An executive with unique experience The RSC Energia general designer, pilot-cosmonaut, twice Hero of the Soviet Union V.A.Soloviev celebrates his 75th anniversary on November 11.

V.A.Soloviev admits that becoming a cosmonaut was the dream of his youth. Although Gagarins mission took place while he was a teenager, and he was lucky enough to see the first cosmonaut of Earth during a May Day parade in the Red Square. But that event, and the overall explosive development of spaceflight during those years fostered his determination to become an engineer.

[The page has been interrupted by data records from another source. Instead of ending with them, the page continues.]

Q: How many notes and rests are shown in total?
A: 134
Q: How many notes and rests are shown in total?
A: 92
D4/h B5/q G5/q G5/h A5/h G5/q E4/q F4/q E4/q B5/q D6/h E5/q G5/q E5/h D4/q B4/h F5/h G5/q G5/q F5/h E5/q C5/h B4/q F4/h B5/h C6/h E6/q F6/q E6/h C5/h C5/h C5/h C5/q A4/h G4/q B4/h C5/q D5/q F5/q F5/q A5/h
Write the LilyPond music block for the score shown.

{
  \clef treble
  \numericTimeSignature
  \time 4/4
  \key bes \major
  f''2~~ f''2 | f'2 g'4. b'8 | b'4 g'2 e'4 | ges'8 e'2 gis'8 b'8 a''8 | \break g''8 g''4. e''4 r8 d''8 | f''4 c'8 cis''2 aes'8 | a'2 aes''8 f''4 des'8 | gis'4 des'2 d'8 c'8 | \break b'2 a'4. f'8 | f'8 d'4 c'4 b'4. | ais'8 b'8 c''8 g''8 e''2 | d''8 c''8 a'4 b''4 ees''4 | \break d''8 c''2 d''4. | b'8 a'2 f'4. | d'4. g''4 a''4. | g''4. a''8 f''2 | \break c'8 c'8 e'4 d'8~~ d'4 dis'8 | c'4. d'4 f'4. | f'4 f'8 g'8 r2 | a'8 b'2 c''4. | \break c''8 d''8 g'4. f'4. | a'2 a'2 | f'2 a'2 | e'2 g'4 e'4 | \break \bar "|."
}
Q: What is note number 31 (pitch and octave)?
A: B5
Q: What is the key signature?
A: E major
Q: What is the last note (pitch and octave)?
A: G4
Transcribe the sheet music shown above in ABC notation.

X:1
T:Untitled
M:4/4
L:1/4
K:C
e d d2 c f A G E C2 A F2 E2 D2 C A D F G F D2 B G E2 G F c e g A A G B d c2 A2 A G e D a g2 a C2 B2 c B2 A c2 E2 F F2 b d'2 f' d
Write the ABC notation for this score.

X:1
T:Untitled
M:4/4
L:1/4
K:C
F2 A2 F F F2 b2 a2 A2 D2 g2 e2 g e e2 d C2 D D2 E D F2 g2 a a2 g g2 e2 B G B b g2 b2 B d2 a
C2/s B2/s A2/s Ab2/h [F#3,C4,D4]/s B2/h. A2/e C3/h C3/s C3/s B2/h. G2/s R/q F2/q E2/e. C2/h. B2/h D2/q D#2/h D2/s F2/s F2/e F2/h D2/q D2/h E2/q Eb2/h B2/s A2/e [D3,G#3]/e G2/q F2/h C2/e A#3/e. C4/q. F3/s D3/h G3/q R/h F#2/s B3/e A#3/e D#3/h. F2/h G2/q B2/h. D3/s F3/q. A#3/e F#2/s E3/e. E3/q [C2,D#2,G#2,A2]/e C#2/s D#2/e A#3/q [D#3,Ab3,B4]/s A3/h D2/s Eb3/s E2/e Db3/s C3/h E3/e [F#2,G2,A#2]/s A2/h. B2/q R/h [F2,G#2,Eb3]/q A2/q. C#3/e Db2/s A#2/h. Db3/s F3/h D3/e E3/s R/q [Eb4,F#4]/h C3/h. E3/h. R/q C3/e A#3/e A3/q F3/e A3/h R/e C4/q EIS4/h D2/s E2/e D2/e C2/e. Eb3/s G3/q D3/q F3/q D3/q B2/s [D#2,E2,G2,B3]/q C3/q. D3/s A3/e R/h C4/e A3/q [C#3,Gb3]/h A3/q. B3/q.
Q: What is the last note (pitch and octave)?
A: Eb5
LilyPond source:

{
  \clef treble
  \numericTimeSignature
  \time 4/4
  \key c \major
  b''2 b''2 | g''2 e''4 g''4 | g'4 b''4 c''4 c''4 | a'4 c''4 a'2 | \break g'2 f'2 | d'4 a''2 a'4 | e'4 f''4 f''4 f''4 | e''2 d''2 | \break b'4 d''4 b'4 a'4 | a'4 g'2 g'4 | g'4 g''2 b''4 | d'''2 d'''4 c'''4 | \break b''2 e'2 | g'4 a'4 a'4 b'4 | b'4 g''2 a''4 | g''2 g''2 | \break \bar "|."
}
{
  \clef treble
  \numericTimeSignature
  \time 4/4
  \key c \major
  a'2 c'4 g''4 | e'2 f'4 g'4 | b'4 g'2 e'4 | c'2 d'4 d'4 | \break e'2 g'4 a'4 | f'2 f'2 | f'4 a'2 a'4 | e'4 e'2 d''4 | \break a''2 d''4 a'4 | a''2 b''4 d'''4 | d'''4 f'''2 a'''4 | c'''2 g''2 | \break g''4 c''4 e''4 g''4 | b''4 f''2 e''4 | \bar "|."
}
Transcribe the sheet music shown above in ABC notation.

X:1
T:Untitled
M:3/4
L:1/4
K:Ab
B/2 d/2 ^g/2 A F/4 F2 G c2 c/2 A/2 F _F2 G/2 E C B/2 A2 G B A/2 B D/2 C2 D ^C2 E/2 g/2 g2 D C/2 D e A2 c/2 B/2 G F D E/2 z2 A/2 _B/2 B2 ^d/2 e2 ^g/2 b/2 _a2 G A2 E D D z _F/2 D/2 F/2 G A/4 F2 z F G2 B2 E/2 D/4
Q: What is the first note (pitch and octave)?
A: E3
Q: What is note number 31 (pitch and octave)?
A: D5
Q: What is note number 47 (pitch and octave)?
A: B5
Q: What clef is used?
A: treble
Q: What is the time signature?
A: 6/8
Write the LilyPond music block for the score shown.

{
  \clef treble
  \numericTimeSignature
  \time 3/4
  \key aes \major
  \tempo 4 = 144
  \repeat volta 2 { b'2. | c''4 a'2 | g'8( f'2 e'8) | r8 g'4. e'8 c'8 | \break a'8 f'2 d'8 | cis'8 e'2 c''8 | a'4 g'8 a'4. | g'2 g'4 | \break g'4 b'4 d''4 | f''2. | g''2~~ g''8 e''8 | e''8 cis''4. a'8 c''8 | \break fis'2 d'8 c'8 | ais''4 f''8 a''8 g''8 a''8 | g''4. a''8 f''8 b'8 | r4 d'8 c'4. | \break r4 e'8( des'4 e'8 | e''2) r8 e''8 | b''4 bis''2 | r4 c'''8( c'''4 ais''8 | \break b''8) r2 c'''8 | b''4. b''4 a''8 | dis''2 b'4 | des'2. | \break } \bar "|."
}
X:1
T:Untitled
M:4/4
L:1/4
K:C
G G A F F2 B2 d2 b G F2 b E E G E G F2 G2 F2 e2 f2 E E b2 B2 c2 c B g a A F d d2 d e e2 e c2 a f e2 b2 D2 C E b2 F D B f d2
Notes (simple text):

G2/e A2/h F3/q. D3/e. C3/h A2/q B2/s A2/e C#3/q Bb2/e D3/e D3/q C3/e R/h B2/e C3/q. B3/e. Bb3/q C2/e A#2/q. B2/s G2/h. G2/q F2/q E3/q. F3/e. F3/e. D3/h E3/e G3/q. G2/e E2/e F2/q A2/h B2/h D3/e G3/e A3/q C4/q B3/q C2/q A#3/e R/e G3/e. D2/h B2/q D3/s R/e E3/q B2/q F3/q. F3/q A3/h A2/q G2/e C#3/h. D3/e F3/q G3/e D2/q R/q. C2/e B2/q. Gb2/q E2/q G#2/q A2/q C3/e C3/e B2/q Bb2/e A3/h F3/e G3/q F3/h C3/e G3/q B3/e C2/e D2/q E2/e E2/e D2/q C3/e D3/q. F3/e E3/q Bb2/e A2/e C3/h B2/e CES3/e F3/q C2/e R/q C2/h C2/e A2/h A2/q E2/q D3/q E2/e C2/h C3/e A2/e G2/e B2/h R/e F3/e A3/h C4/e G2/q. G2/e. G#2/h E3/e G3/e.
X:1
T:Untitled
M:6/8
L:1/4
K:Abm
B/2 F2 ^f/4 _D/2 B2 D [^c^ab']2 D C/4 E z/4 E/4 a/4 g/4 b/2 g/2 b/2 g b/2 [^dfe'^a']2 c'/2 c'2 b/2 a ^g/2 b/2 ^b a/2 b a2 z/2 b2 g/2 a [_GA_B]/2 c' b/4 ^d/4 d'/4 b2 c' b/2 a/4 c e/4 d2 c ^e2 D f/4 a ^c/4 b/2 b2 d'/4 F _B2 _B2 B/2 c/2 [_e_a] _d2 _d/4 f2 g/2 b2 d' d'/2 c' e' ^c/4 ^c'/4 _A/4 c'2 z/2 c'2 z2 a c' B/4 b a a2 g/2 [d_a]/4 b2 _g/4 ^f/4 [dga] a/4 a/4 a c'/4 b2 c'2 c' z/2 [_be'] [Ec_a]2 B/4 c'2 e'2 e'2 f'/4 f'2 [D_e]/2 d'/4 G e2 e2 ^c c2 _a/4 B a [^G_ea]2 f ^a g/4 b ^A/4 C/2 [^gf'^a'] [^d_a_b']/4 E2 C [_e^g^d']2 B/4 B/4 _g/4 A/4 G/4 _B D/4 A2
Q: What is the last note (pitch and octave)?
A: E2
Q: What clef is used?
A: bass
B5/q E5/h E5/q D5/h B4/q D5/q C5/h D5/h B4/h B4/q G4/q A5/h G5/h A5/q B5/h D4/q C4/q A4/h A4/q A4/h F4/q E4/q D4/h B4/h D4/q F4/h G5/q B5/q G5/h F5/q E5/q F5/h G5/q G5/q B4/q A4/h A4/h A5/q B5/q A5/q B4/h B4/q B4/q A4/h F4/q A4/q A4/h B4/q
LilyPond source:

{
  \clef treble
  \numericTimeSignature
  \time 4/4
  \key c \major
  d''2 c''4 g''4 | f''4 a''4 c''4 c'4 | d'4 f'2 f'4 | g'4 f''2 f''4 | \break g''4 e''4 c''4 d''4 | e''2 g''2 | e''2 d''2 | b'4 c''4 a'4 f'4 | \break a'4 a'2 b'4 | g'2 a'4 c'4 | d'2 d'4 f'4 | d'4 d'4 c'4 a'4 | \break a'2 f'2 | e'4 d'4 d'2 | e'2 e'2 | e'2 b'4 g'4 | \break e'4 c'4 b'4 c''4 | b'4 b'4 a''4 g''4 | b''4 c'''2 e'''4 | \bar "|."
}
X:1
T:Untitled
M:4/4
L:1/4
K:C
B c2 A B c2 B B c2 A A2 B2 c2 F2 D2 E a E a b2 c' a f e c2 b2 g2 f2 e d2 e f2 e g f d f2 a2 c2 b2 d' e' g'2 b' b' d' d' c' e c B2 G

He settled upon the higher education institution he was going to enroll into at a fairly early stage, and two years before his graduation from his secondary school he entered the Baumans Youth physics and math school, studying at which helped him to enter the Power Engineering department of his chosen higher education institution to specialize in Vacuum Engineering of Electrophysical Installations. Like many of the students of the Moscow Bauman Technical University he did his internship at the then secret enterprise in Podlipki. And in 1970 he took a job as an engineer in department 502, where propulsion systems for attitude control of spacecraft and space stations were being developed.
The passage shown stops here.